Conrad woke with a start, orienting himself. He brushed the straw from his clothes and climbed down the ladder from the hayloft. He had planned on slipping away a little before daybreak, but the morning sun was already casting long shadows in the garden as he crept from the barn.
He could make out the sounds of the doctor and his family stirring in the house, obliging him to duck below the level of the window sills as he left.
He felt sharp, alert, which was good.

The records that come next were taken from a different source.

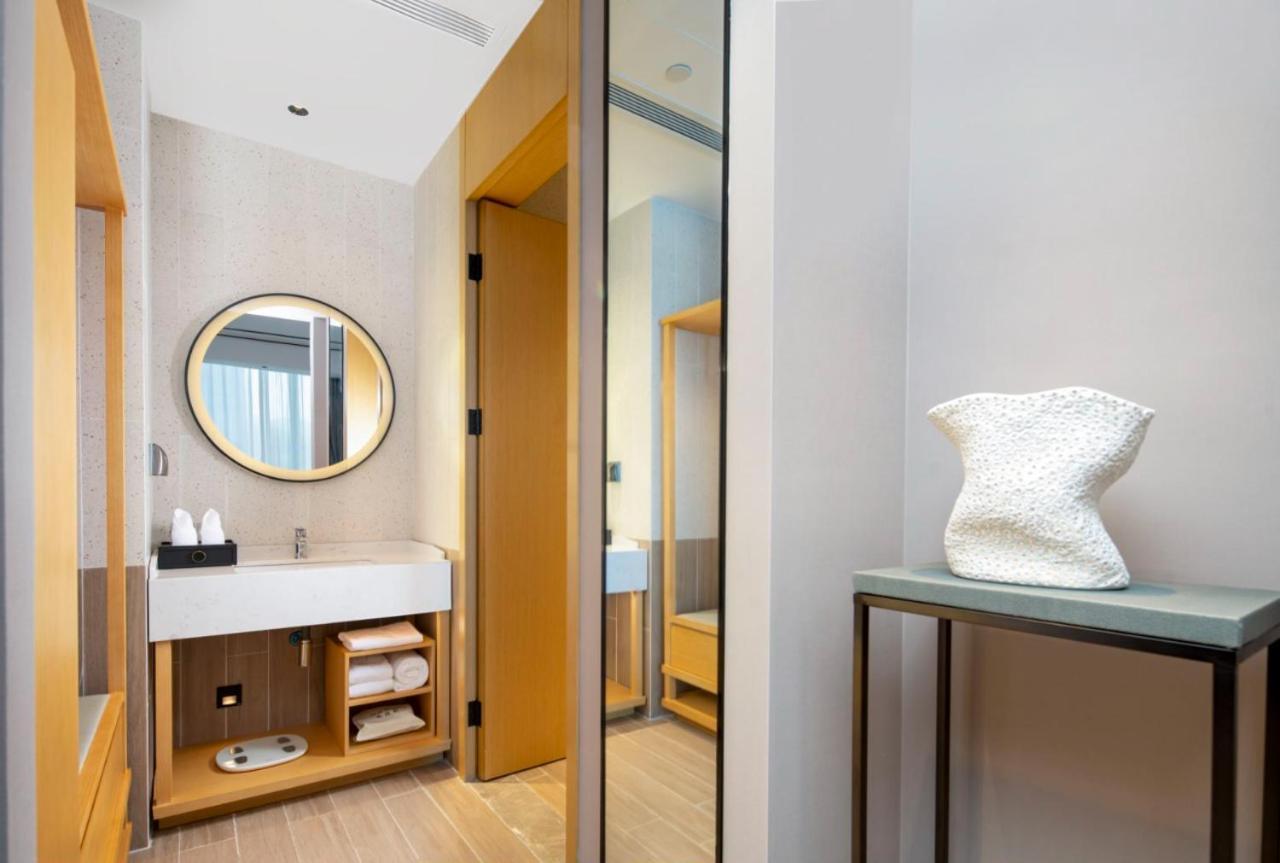 Hilton Garden Inn Shenzhen Airport,Enjoy 24-Hour One Way Free Delivery From Hotel To Shenzhen Baoan Airport On The Hour Extérieur photo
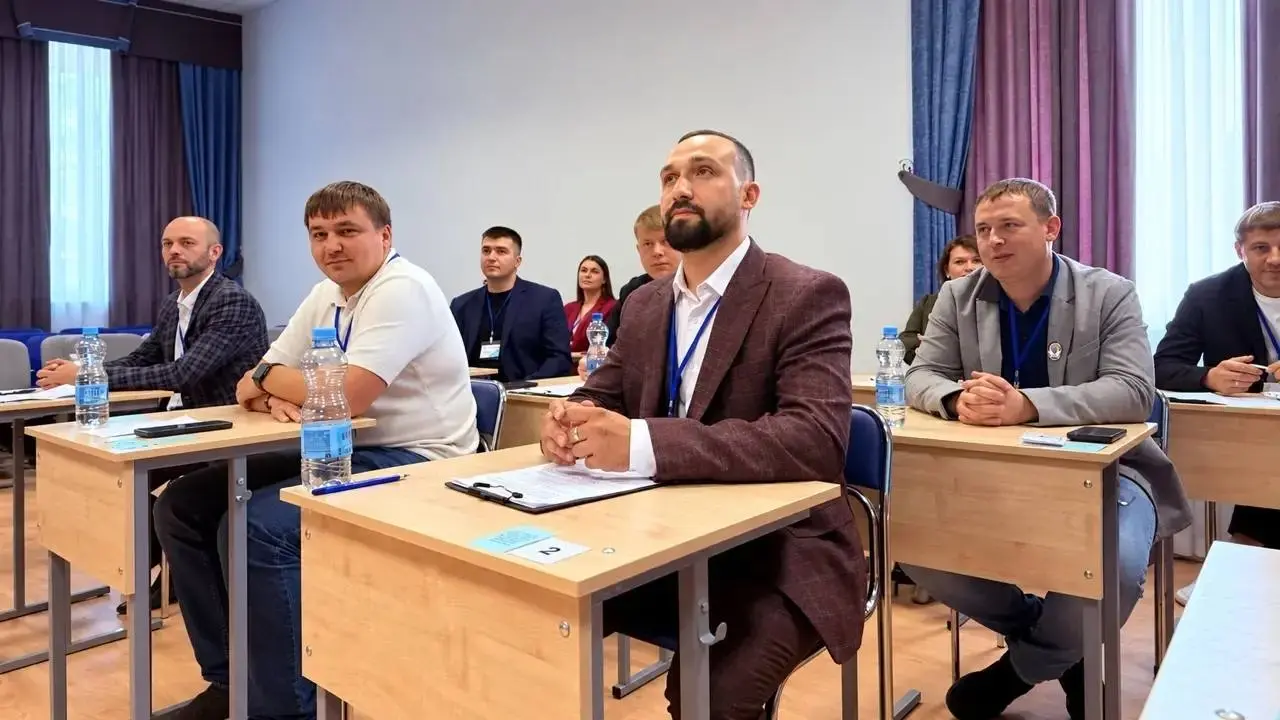 👷‍На предприятиях ПМХ и Промсорт стартовал первый этап конкурса «Лучший наставник-2026». В этом году он проходит уже в третий раз | Сетка — социальная сеть от hh.ru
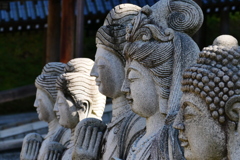お顔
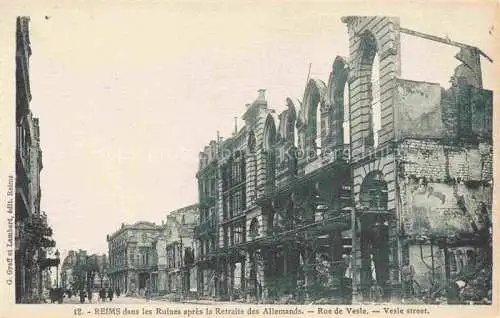 AK / Ansichtskarte REIMS 51 Ruines après la Retraite des Allemands Rue de Vesle Truemmer 1. Weltkrieg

The sleep had helped, sweet and unexpected.
He asked Earl Griffin to drop him off at the head of the track, and he settled the fare.
He saw the tire marks in the sand immediately. Closer examination revealed that there were two sets—the same vehicle coming and going, suggesting that the visitor had left. But his hand still closed around the gun in his hip pocket as he set off through the pitch pines towards his house.
The vehicle had pulled to a halt just before the trees gave way to the dunes. The track was too narrow at this point to turn a motor car around, and the visitor had been obliged to reverse it back to the highway, but not before abandoning it first and continuing on foot.
The footprints stood out clearly in the sand, the area around them smoothed unnaturally flat by Conrad the evening before. It hadn’t taken him long to perform the task: simply a matter of dragging some heavy, tarred pound-trap netting behind the Model A.
The footprints veered off to the right, into the dunes, but Conrad made no attempt to follow them. Neither did he glance in their direction in case he was being observed. It wasn’t important; he knew where they were headed.
He picked them up again in the broad sweeps of leveled sand in and around the buildings. The visitor had entered the compound from the west, skirting the shack, making for the whaleboat house. He had then crossed to the barn, entering it. From here he’d returned to the shack, circling, keeping his distance, approaching only twice—once to examine the small lean-to at the back which housed the generator, the second time to inspect the corner of the roof where the telephone cable entered the building.
Conrad knew then that, if they had to, they were willing to go all the way in order to silence him.